Laura Catena of Catena Zapata maintains that as much as 50% of Chateau Latour and Chateau Cheval Blanc were Malbec at the time of the 1855 Classification but Malbec’s late-ripening and more delicate nature made it too unpredictable and it has continued to lose out to Merlot and Cabernet Sauvignon.
Cabernet is also late-ripening but is significantly hardier.
These days there are less than 1,000ha planted with Malbec in the Gironde compared with 5,000ha in the 1960s.
Step up Argentina who can claim to have revived the varietal with their densely fruited luscious Malbecs that offer opulence and texture as well as easy-drinking pleasure.
The variety was introduced in the 19th century and it took well to the altitude in the Andean Foothills in Mendoza and places like Salta, Luján de Cuyo and the Uco Valley.
Vineyards are often over 1,000m — sometimes as high as 1,500m — above sea level and the best of these wines can age for decades.
Clonal selection and even matching clone to site selection have also been important and winemakers and viticulturists just love to dig holes to figure out what works best where.
Besides Malbec you will find lots of (underrated) Bonarda, and of course Cabernet Sauvigon which is the third-most planted red grape — watch also for Syrah, Tempranillo and Italian grapes such as Barbera.
Chardonnay works well here and Sauvignon Blanc works for entry level while muscat-scented Torrontés is well worth a try.
Selections this week are mainly Malbec and there were at least six others I could have included – I will use a couple in next week’s column.
Dadá de Finca Las Moras 2016, Argentina - €10.99-12.99
A blend of Bonarda and Malbec with a solid hit of vanilla and American Oak on the nose and palate as well as ripe plum and blackberry fruits.

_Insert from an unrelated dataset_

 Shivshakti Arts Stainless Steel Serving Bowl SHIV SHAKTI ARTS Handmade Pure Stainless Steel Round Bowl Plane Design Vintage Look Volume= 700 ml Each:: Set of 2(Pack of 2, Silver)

Named for the Dada art movement this is a lot sexier than Marcel Duchamp’s Fountain – perhaps his Bicycle Wheel is a better comparison!
Moncagua Malbec 2014, Lujan de Coyo, Argentina - €13.99-14.99
Lujan de Coyo is in the Upper Mendoza valley in the west of the province with vineyards at around 1000m. My first thought was chocolate raisins followed by black cherry aromas with good ripe fruits following through on the palate and decent integrated tannings and not a little length.
Doña Paula Los Cardos Cabernet Sauvignon, Mendoza, Argentina - €12
From vines planted in 1998 on the Doña Paula at altitude of around 1000m using sustainable agriculture where possible (there is a big emphasis on saving water etc).. Ripe blackcurrant aromas with a background of black pepper and a touch of lead pencil – solidly fruity and punching above its price.
Domaine Bousquet Malbec 2016, Tupungato Valley, Argentina - €16.95
Made by a French family based in Argentina this is organic certified from vineyards at 1200m in Tupungato, a northern sub-region of the Uco Valley. Aromas of chocolate and pepper with a good hit of spice and smoke on the palate and lingering ripe fruits.
Doña Paula Estate Malbec 2015, Uco Valley, Argentina - €16
Once again from altitude (1350m) on alluvial soils with a beautiful view of the Andes mountains (I’ve stood in this vineyard). This estate pays huge attention to soils and clones and the wines are very consistent. This is packed with ripe elegant fruit and has lingering chocolate and smoke edges perfect for barbecue.
Catena Malbec 2015, Mendoza, Argentina - €17.95-18.95
From vineyards of approximately 1000m above sea level Catena helped change the perception of Malbec worldwide as they were some of the first quality Argentinian wines to be exported. Fine deep colour with lots of mineral tinged bright fruit aromas and flavours with a spicy kick. Elegant and fine thanks in part to a restrained 13% ABV.